Below are entries; copy exactly the lines from the one with "Therealbrandy leaked onlyfans pics" through the one with "Abdul Ghaffar", both included, and leave out the rest.

• Dataset:
*** Block opens ***
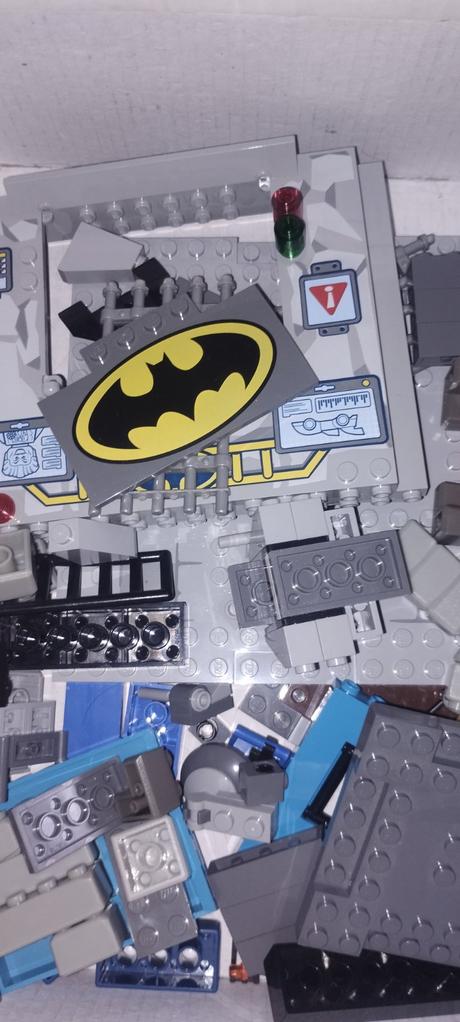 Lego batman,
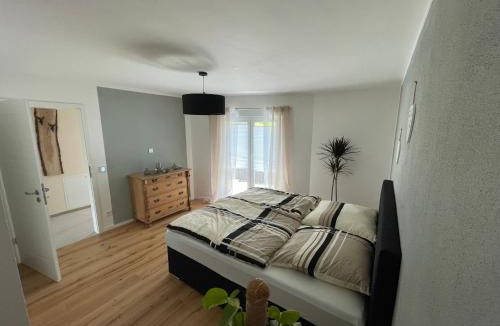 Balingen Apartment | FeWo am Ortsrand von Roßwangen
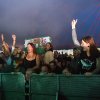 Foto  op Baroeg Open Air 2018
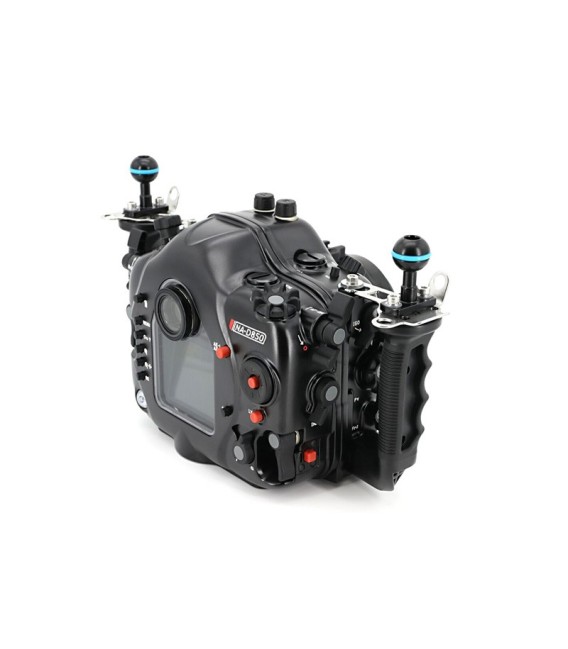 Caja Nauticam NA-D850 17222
*** Block closes ***
*** Block opens ***
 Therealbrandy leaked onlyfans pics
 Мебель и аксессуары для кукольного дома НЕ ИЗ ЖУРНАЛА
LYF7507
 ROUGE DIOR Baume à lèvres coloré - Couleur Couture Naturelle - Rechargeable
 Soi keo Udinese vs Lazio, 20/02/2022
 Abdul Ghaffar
*** Block closes ***
*** Block opens ***
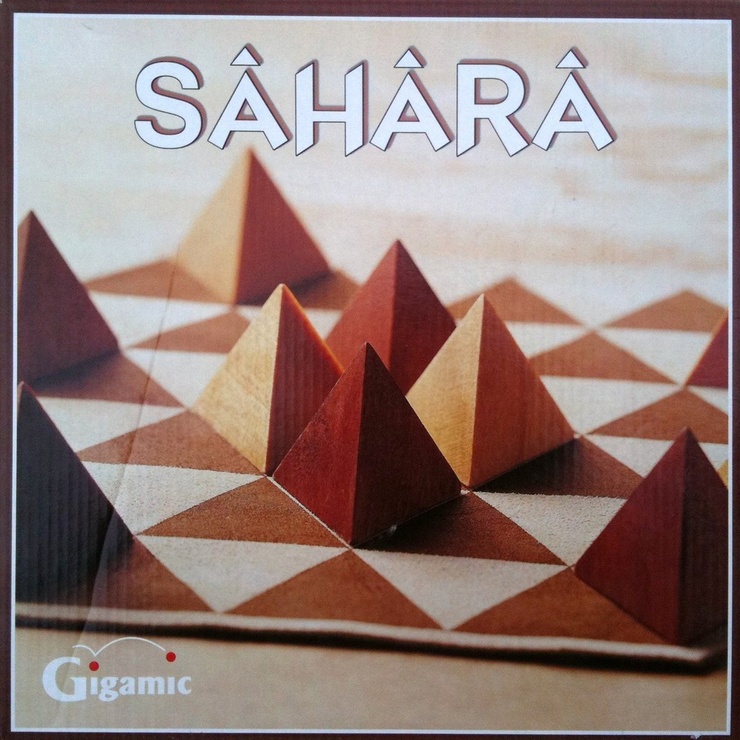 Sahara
*** Block closes ***
• Your solution:
 Therealbrandy leaked onlyfans pics
 Мебель и аксессуары для кукольного дома НЕ ИЗ ЖУРНАЛА
LYF7507
 ROUGE DIOR Baume à lèvres coloré - Couleur Couture Naturelle - Rechargeable
 Soi keo Udinese vs Lazio, 20/02/2022
 Abdul Ghaffar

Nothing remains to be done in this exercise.